_The problem_
The result should be an exact copy of only the lines from the one with "unfurnished room featuring" through the last line of the data below, with pictures omitted.

_Short descriptive text snippets_
↓
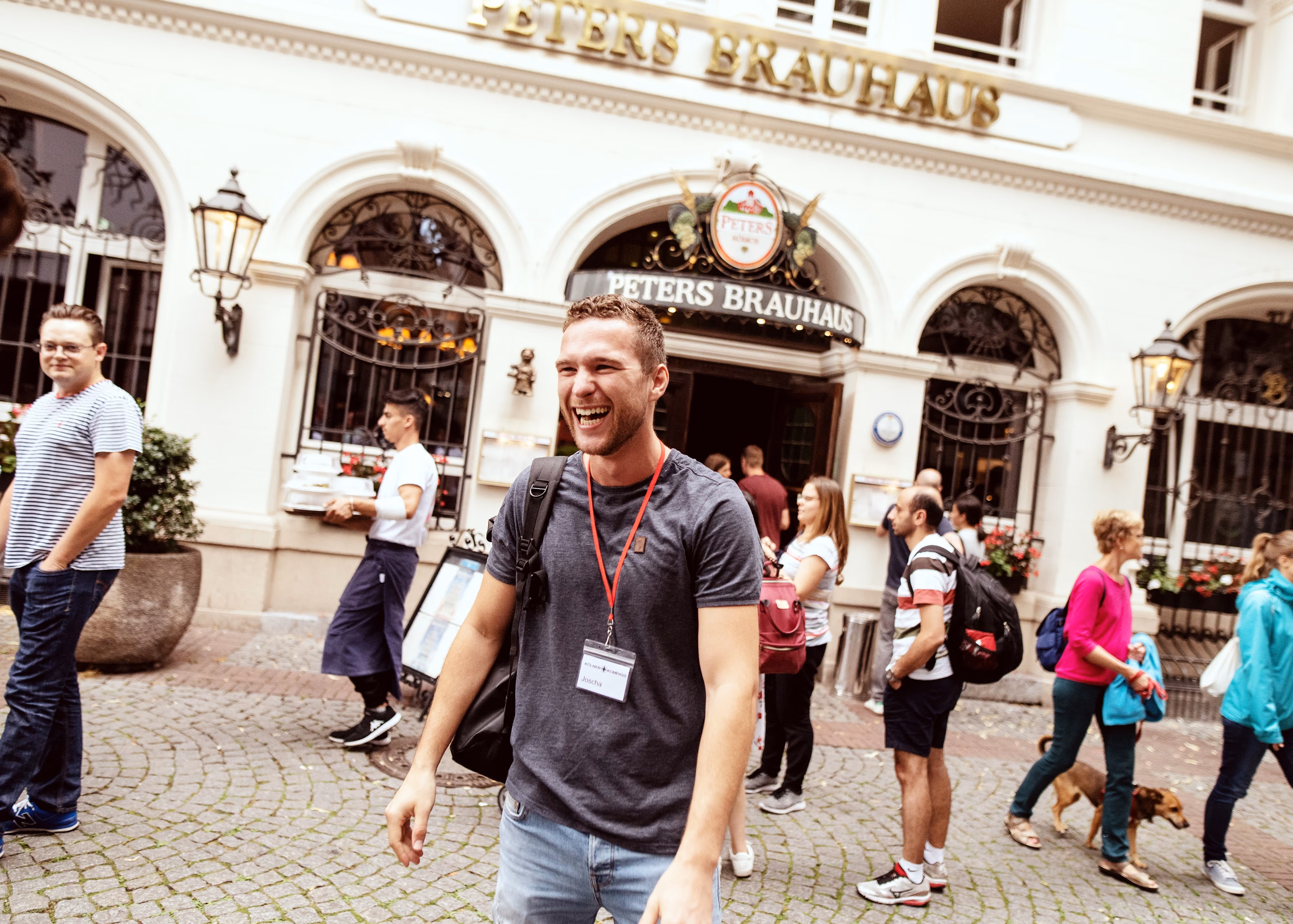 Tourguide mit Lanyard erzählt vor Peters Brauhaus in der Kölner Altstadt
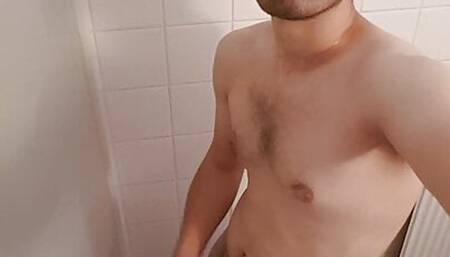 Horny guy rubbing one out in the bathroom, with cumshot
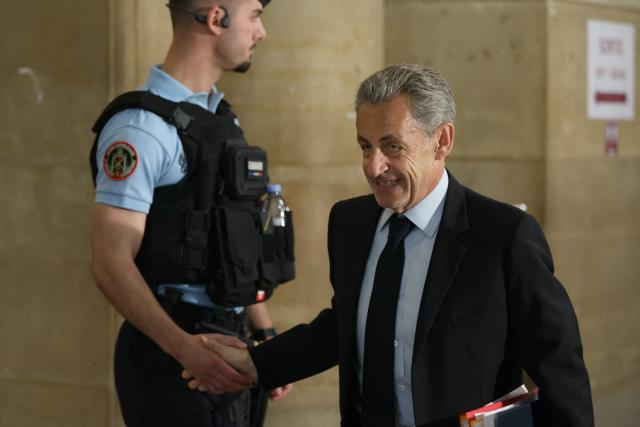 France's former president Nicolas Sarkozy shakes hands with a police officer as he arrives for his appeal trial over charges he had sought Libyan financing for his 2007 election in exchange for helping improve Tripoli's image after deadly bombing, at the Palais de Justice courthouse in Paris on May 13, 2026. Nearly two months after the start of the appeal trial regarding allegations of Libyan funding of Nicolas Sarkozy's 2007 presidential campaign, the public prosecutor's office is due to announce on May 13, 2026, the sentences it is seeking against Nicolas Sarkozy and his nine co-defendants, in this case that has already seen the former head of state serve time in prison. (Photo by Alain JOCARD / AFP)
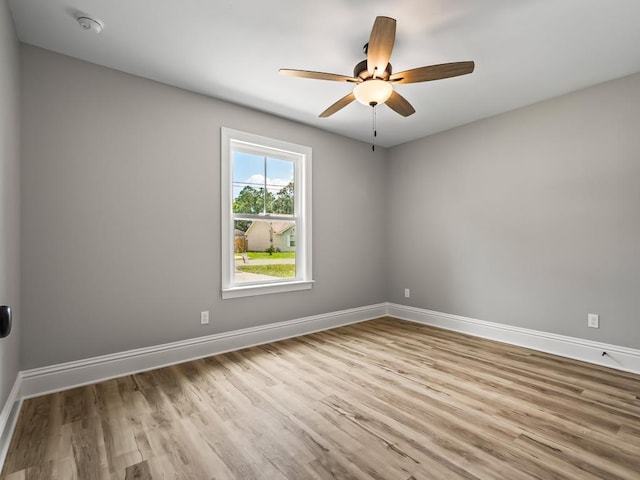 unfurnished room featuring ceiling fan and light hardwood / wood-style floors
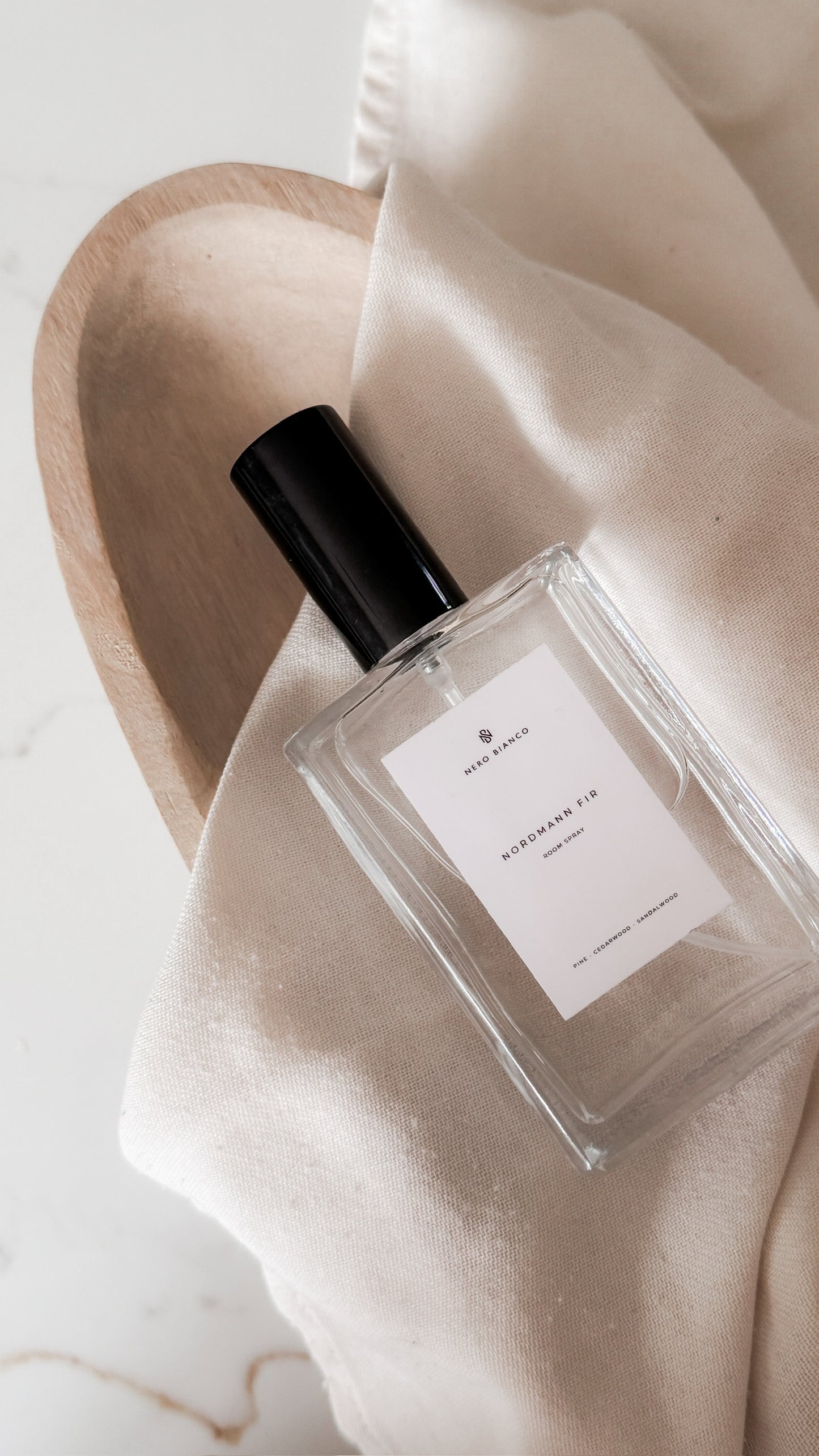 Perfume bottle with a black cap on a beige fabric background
↑
_The answer_
 unfurnished room featuring ceiling fan and light hardwood / wood-style floors
 Perfume bottle with a black cap on a beige fabric background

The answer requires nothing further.